Somfy SAS

Case

[2011] ADO 4

31 May 2011


DESIGNS ACT 2003



STATEMENT OF REASONS FOR A DECISION OF A


DELEGATE OF THE REGISTRAR OF DESIGNS

Re:Design application 12675/2008 - LCD SCREEN FOR REMOTE CONTROL- in the name of Somfy SAS    .

Delegate: T. E. Williams
Representation: Applicant: written submissions by Pizzeys patent attorneys
Decision: 2011 ADO 4
S 39 and reg 4: Design is a product, and classifiable, thus able to be registered.

Background

  1. Somfy SAS (“the applicant”) filed a design application and requested that the design be registered.  The design application, 12675/2008, is in respect of a design as follows:

  2. The applicant has recently amended the application so as to identify the product to which the design is applied as “LCD screen for remote control”[1].  The Statement of Newness and Distinctiveness was also amended, and now reads:

    The newness and distinctiveness of the design resides in the features of pattern and/or ornamentation of the LCD screen.

    [1] Prior to that amendment the product was “a display screen”.

  3. A design cannot be registered unless it meets the formalities check provided for by section 39 or 40 of the Designs Act 2003 (“the Act”). Prior to the recent amendments, to which I have referred in paragraph 2, the application was the subject of a number of formalities notices which asserted that the design did not meet the requirements of the Designs Regulations 2004 (“the regulations”) and thus could not be registered.  The applicant requested to be heard as to the registrability of the design and I was assigned to conduct the necessary hearing.  However, on the basis of the written submissions put to me by the applicant’s attorney, together with the amendment, I was satisfied that registration was appropriate and directed that the design be registered.  I set out now the reasons for that decision.

    Discussion

  4. The formalities officer has contended that:

    (a)The product named in the application is an element of a product and not a product in its own right

    (b)A display on a display screen is not a product within the meaning of the Act and, accordingly, this application does not disclose any “product” that can be classified in accordance with the Locarno Agreement. The formalities officer conceded that Locarno does have a classification that would, aside from this aspect, cover “display screens”. The officer noted that the Locarno Agreement is not prescriptive of what type of product may be registered under the Act. He also said that “the visual features are not of the product, rather they are projected onto the product”.
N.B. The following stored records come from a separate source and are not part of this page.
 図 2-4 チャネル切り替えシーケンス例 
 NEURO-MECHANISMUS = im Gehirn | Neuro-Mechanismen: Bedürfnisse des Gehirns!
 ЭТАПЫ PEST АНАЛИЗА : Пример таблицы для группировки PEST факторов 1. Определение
    (c)This Office does not consider decisions of the United Kingdom relevant when interpreting the scope of the Act. This office relies on its own examination manual…

  5. Dealing with those issues in order, (a) has been resolved because the amendment of the application makes it clear that an LCD display screen for a remote control does constitute a product. In terms of the definitions in s 5 of the Act, a remote control incorporating an LCD is a complex product. It can safely be assumed that any remote control that includes an LCD display screen must also include at least the following:

    • a minimum of one button, switch or other similar device
    • a casing, within which a battery holder may or may not be a separate part and
    • an integrated circuit or circuit board

    I am prepared to assume, since the contrary is unlikely, that an LCD screen is manufactured separately from the remaining parts.  Therefore, in terms of s 6(2) and despite being a component part, an LCD display screen is itself a product.
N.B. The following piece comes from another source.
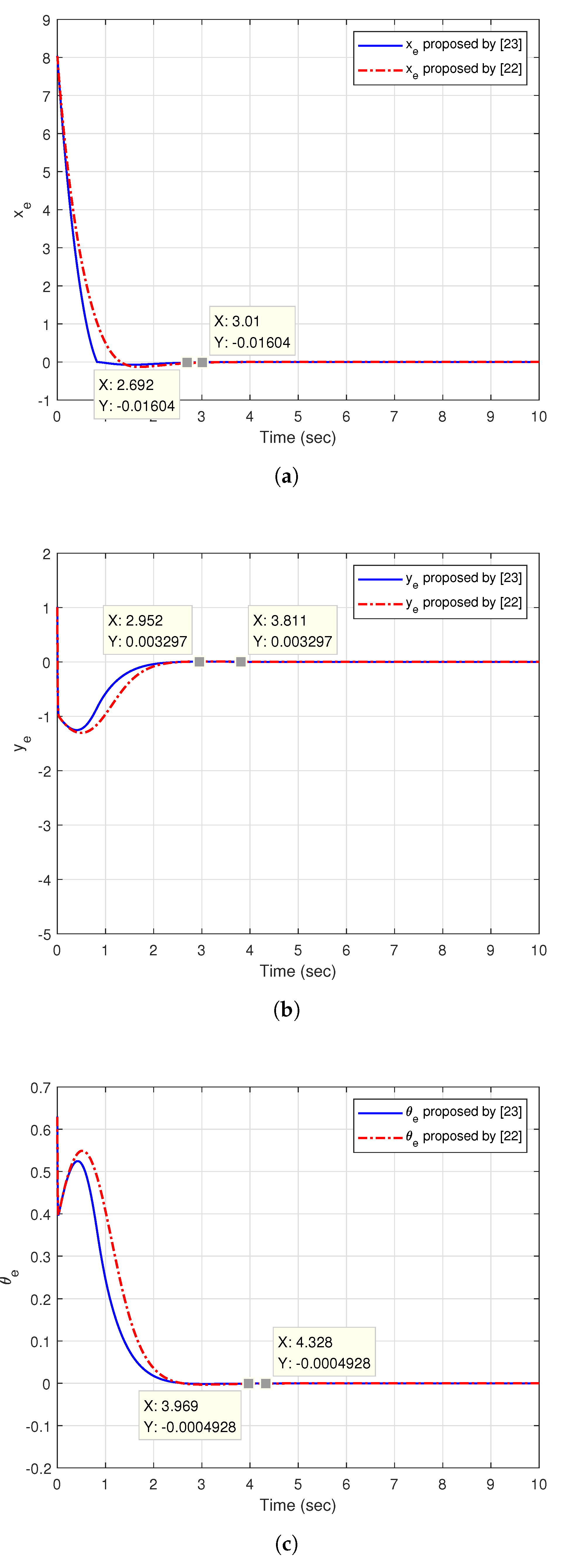 Sensors 20 07055 g016 Sensors 20 07055 g016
  6. As to (b), a question of policy appears to have unduly complicated the formalities check. Section 39(2)(a) of the Act provides that if the design satisfies the formalities check specified in the regulations, registration “must” occur. Understandably, the formalities officer was concerned that the overall appearance of the product, ie, the overall appearance of the LCD screen, may not result from a visual feature of the product. However, that is not an issue within the scope of reg 4.04(c), which reads:

    (c) the design application identifies the product or products in relation to which the design is sought to be registered sufficiently to enable each product to be classified in accordance with the Locarno Agreement.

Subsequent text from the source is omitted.